На застеклёной террасе ещё горел огонь, в окнах торчали незнакомые головы.

Я направился во флигель и залез под полог на кровать сына. Вот где блаженство!.. Неожиданно возле меня очутился мой верный пёс Трамсик, выказывающий визгами и лизанием моего лица свою неподдельную радость и дружбу.

Дверь отворилась и вошла Маргарита Викторовна.

— Владимир Петрович, это вы?

— Я.

— Ну, слава Богу. Я вас увидала, но никто из комиссаров вас не заметил. Сейчас же бегите в лес, а то вас арестуют. Владимир Михайлович и Володя успели убежать, а Толя и Боря с ними отлично беседуют. Обыск закончился благополучно…

— Ну нет, я никуда не убегу — мочи нет. Пусть лучше арестуют, — не то наяву, не то во сне ответил я. — Принесите, ради Бога, холодного молока…

Выпив залпом два стакана, я залез под одеяло, и приятная дремота охватила моё усталое тело. Ведь, шутка ли сказать, за небольшими отдыхами я пробыл на ногах более двенадцати часов и, значит, сделал от тридцати шести до сорока вёрст по ужасной дороге!

Однако, как ни был я утомлен, всё же сознание близкой опасности гнало сон, и время от времени я высовывал голову из-под полога и через окошко старался рассмотреть, что происходит на террасе.

Дверь отворилась, и вбежала Оля Имшенецкая.

— Слава Богу, всё благополучно: закладывают лошадей. Они всё поджидали вас, но решили, что вы вернулись в город.

Убежала.

На дворе уже светало… Из усадьбы вышли «товарищи» с винтовками. Лениво волоча приклады по земле, они направились к флигелю. Один из них взошёл на крыльцо. Запрыгала щеколда в запоре. Ну, теперь я пропал… Схватил Трамсика за морду, чтобы не смел лаять… Но чудо свершилось!

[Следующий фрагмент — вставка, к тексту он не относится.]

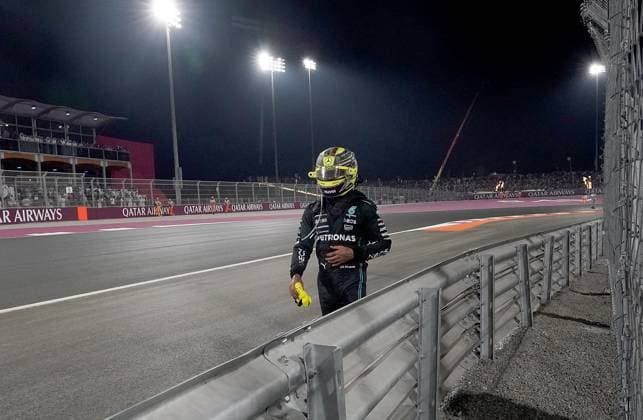 Formula 1 Qatar Airways Qatar Grand Prix 2023 08 10 2023, Losail International Circuit, Doha, Formula 1 Qatar Airways Qatar Grand Prix 2023 ,in picture After his accident Lewis Hamilton GBR , Mercedes AMG Petronas Formula One Team walks back to the paddock nordphotoxGmbHx xBratic nph00250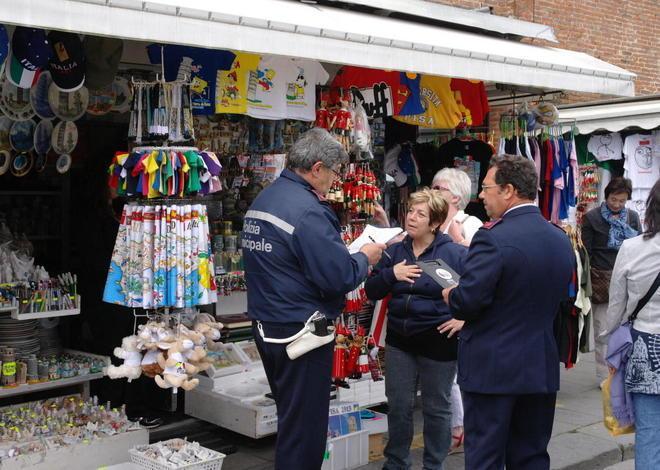 Bancarelle, ricorso al Tar per bloccare il trasloco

Почему-то дверь, так легко открывающуюся, комиссар не открыл, сойдя ленивой походкой с крылечка и направившись обратно в дом.

Слава Богу!

С комиссарами из усадьбы выехал и дворник Фёдор.

Слава Богу, мы спасены!

* * *

Хозяин заимки, Владимир Михайлович Имшенецкий, был человек практичный, не без хитрецы. Дабы спасти свою заимку, он с ранней весны начал хлопотать в Екатеринбургском, Исетском и Решётском совдепах о разрешении организовать сельскохозяйственную коммуну. После уплаты мзды его хлопоты увенчались успехом… Коммуна была разрешена. В члены была записана вся семья Имшенецких, моя и, для большей демократичности, дворник Фёдор и два плотника. Мы честь честью заказали бланки, печать и выдавали друг другу мандаты на право проезда в город, что тогда было запрещено. Комиссаром расписывался Имшенецкий, а секретарём — я.